Add the NVIDIA copyright header.

This file is missing the required NVIDIA copyright header with the year of latest meaningful modification (2026). Please add the standard header used in this repo at the top of the file.
As per coding guidelines, "All TensorRT-LLM source files (.cpp, .h, .cu, .py, and other source files) should contain an NVIDIA copyright header with the year of latest meaningful modification."

53-68: ⚠️ Potential issue | 🟡 Minor

Use equality check for HTTP status.

Line 68 uses is for integer comparison, which is identity-based.
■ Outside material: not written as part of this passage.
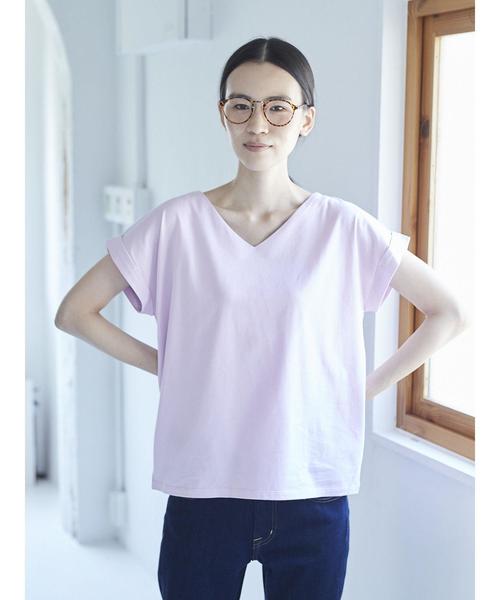 AMERICAN HOLIC(アメリカンホリック)の「・60新疆綿天竺 Vネックターンバックプルオーバー★(Tシャツ/カットソー・レディース・チャコールグレー/ピンク/杢グレー/オフホワイト・M/L)」の13枚目の写真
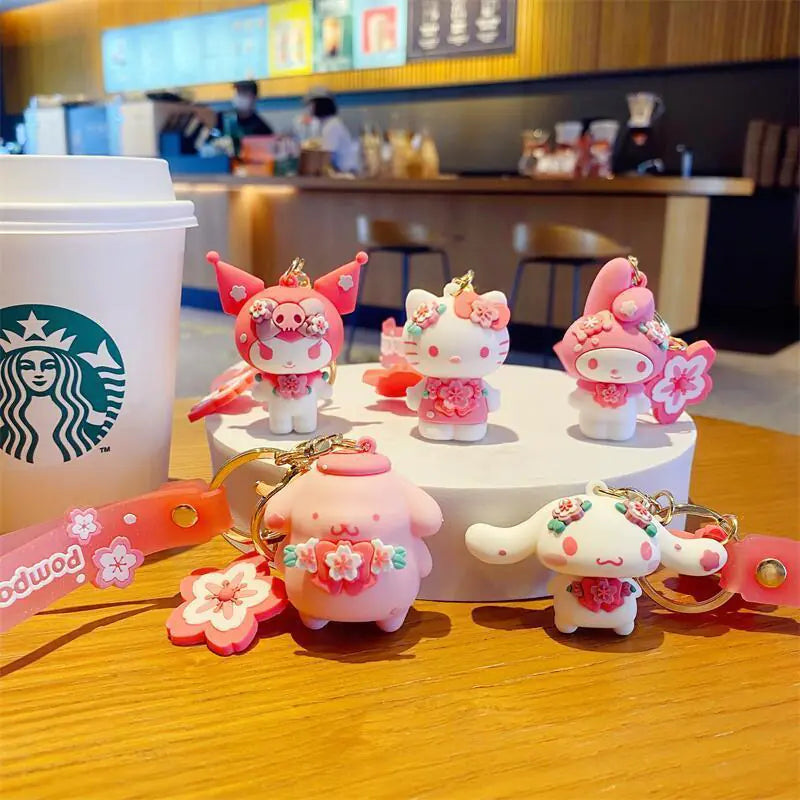 Pink Cherry Blossom Sanrio Cinnamoroll Keychain Decor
Use == for value comparison instead.
Proposed fix
-    assert response.status is 200
+    assert response.status == 200

🤖 Fix all issues with AI agents

In `@tensorrt_llm/metrics/collector.py`:
- Line 1: Add the required NVIDIA copyright header (with the latest modification
year) at the very top of this file, above the existing module docstring (the
string """Utilities for Prometheus Metrics Collection."""), so the header
precedes the docstring and contains the standard NVIDIA copyright notice and
year of last meaningful change.
- Around line 116-139: Update the docstring of log_request_metrics_dict to
Google-style: add an Args section describing metrics_dict and list expected keys
(MetricsCollector.labelname_finish_reason as finish reason string,
MetricNames.E2E, MetricNames.TTFT, MetricNames.TPOT,
MetricNames.REQUEST_QUEUE_TIME as floats in seconds), add a Returns section
stating None (metrics are logged to Prometheus), and include a short Note that
metrics are only recorded when MetricsCollector.labelname_finish_reason is
present; keep the existing high-level description and mention that
histograms/counters (histogram_e2e_time_request, histogram_time_to_first_token,
histogram_time_per_output_token, histogram_queue_time_request,
counter_request_success) are updated.
- Around line 89-96: Rename the misspelled metric attribute kv_cahce_hit_rate to
kv_cache_hit_rate wherever defined/used (e.g., in the Gauge creation and any
references), and change truthy checks on cacheHitRate to explicit existence
checks (e.g., cacheHitRate is not None) so zero values are allowed;
additionally, before computing utilization using maxNumBlocks, guard the
division by ensuring maxNumBlocks is truthy/non-zero (or skip/update metric when
maxNumBlocks == 0) when setting kv_cache_utilization. Ensure you update all
references to these symbols (kv_cahce_hit_rate, kv_cache_hit_rate, cacheHitRate,
maxNumBlocks, kv_cache_utilization) consistently.

🧹 Nitpick comments (2)

tensorrt_llm/metrics/collector.py (1)

4-4: Keep typing imports namespaced.

♻️ Suggested refactor

-import time
-from typing import Dict, Union
+import time
+import typing
@@
-    def __init__(self, labels: Dict[str, str]) -> None:
+    def __init__(self, labels: typing.Dict[str, str]) -> None:
@@
-    def _label_merge(self, labels: Dict[str, str]) -> Dict[str, str]:
+    def _label_merge(self, labels: typing.Dict[str, str]) -> typing.Dict[str, str]:
@@
-    def _log_counter(self, counter, labels: Dict[str, str],
-                     data: Union[int, float]) -> None:
+    def _log_counter(self, counter, labels: typing.Dict[str, str],
+                     data: typing.Union[int, float]) -> None:
@@
-    def _log_histogram(self, histogram, data: Union[int, float]) -> None:
+    def _log_histogram(self, histogram, data: typing.Union[int, float]) -> None:
@@
-    def _log_gauge(self, gauge, data: Union[int, float]) -> None:
+    def _log_gauge(self, gauge, data: typing.Union[int, float]) -> None:

As per coding guidelines: Always maintain the namespace when importing Python modules, even if only one class or function from a module is used.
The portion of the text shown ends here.